Normal düzeyde bir kaygının bizi koruduğunu unutmamalıyız. Ancak aşırı kaygının sağlıklı düşünme ve tedbir için gerekenleri yapmada engelleyici olduğunu da aklımızdan çıkarmamalıyız.

Çocuklarla bu konuda konuşurken sakin ve ölçülü olmak; onları zaten her zaman almamız gereken makul hijyen tedbirleri konusunda bilgilendirmek önemlidir.

Çocuklara bilgi verirken açık ve nesnel bilgi vermek onlara aşırı güvence vermekten daha değerlidir.

Kaygıdan kaçınmak için aşırı umursamaz ve rahat davranmak, konuyla ilgili sadece mizah üzerinden konuşmak da kaçınmamız gereken bir durumdur. Bu konuda denge tutturmak daha sağlıklı olacaktır.

Verdiğiniz bilgileri, Sağlık Bakanlığı ve Dünya Sağlık Örgütü gibi güvenilir kaynaklardan aldığınızı söylemek etkili olacaktır.

Alınan önlem ve hijyen kurallarının hatırlatılmasında aşırıya kaçmak da olumsuz sonuçlar doğurabilir. Bu durum çocuklarda kaygıyı arttırabilir ya da özellikle ergenlerde tersini yapmaya, umursamaz ya da tepkisel davranmaya sebep olabilir. Bu konuda da ölçülü olmak önemlidir.

Küçük çocuklara yaşlarına uygun olarak tanıdıkları, bildikleri otorite figürlerinin (hükümet yetkilileri, sağlık bakanlığı, doktorlar ve bilim insanları gibi) bizi güvende tutmak için çok çalıştıklarını belirtmek yerinde olabilir.

Sosyal medya ile ilgili nelere dikkat etmeliyiz?

Bilgiye çok kolay ulaştığımız ama aynı zamanda yanlış bilgiden etkilenmeye çok açık olduğumuz bir çağda yaşıyoruz. Özellikle böyle bir kriz döneminde, çok çeşitli sebeplerle asılsız ve kaygı uyandırıcı içerikler sosyal medyada hızla yayılabiliyor.

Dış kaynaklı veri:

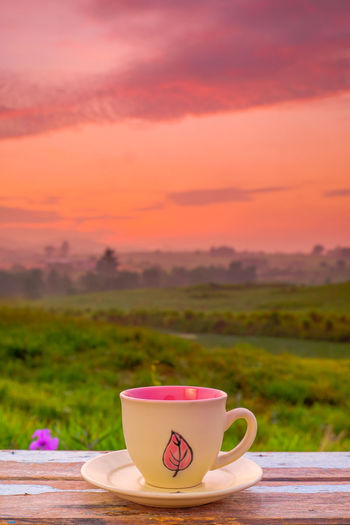 Coffee cup on table against sky during sunset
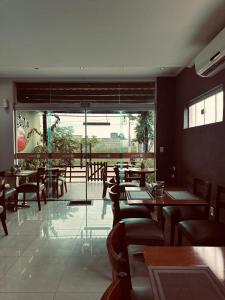 a restaurant with tables and chairs and a large window at PUMMA BUDGET HOTEL in Canaã dos Carajás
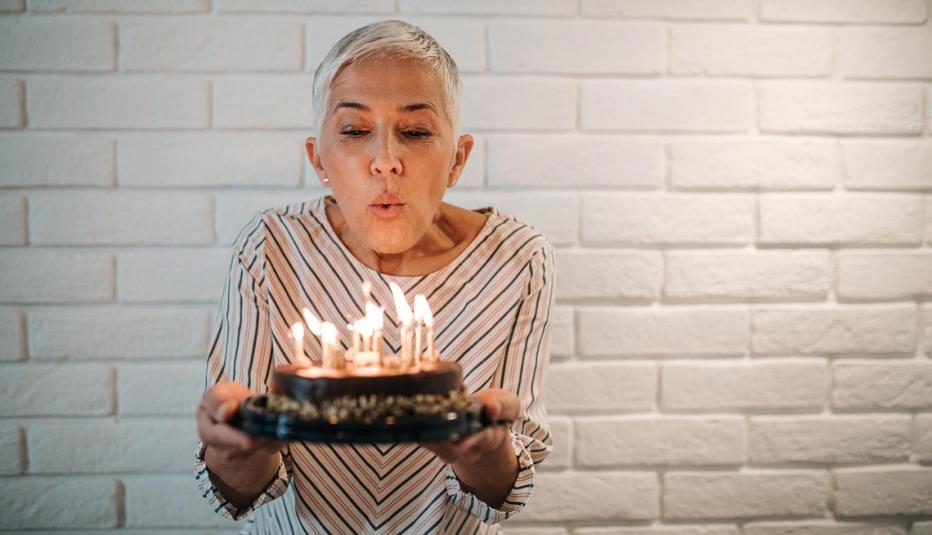 Older woman blowing out birthday candles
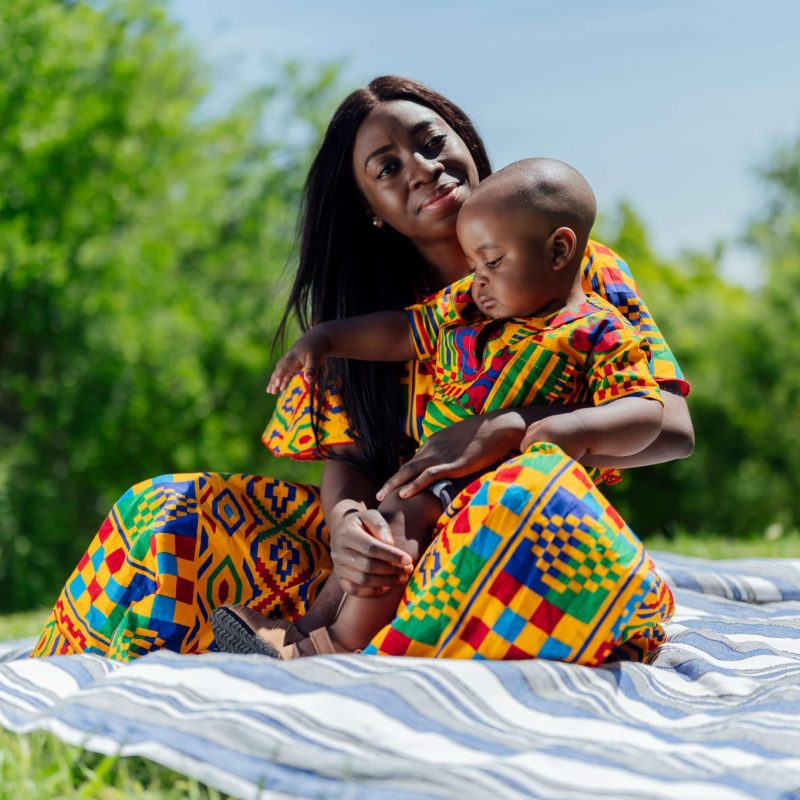 woman-with-her-son-in-the-park-looking-at-the-came-2025-01-08-15-16-13-utc-1-2-2048x1363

Genel olarak küçük çocukların virüsle ilgili haber yayınlarına mümkünse doğrudan maruz kalmaması daha uygun olur.

Çocukların özellikle sosyal medyadan bu virüs ile ilgili güvenilir olmayan haberlerle etkileşimini sınırlamak yerinde olacaktır.

Bu haberlerden ebeveynlerin çocukların bilmesi gerekenleri seçip, süzgeçten geçirip daha makul bir şekilde çocuklara aktarması uygun olacaktır.

Daha büyük yaştaki çocuklar ve ergenlere ise en sağlıklı bilginin konunun uzmanı olan yetkin kişilerden alınabileceğini, bir yorum okuduklarında kaynağını iyi değerlendirmeleri gerektiğini sıklıkla hatırlatmak yerinde olur.

Bu süreçte nelere dikkat etmeliyiz?

Aniden gelen tatil duygusu ve yaşanan süreç çocuk ve gençlerin günlük rutinini oldukça değiştirecektir. Bunun bir dağılmaya dönüşmemesi için bir iki gün içinde ailece bir planlama yapmak çok yerinde olacaktır.

Yeni bir günlük rutin oluşturmak, boşluk ve serbestlik duygusunu frenlemek önemlidir. Günlük ders, tekrar, soru çözme, serbest zaman, kitap okuma, hobi etkinliklerinin olabildiğince bir programa bağlanması en azından adının konması önemlidir. İki hafta sonra okulların açılıp normal düzene dönüleceği ve görev ve sorumluluklarımızın devam ettiği arada hatırlatılmalıdır.

Eğer;

Çocuğunuzun uyku, beslenme ve günlük düzeninde belirgin farklılıklar görüyorsanız,

El yıkama ve hijyen kurallarında aşırıya kaçıyorsa,

Tatil sürecinde günlük bir rutin oluşturamayıp sürekli bu gündemle meşgul oluyorsa,

endişe ve kaygılarıyla ilgili düşünüp konuşabilmesine alan açmak daha da önem kazanacaktır.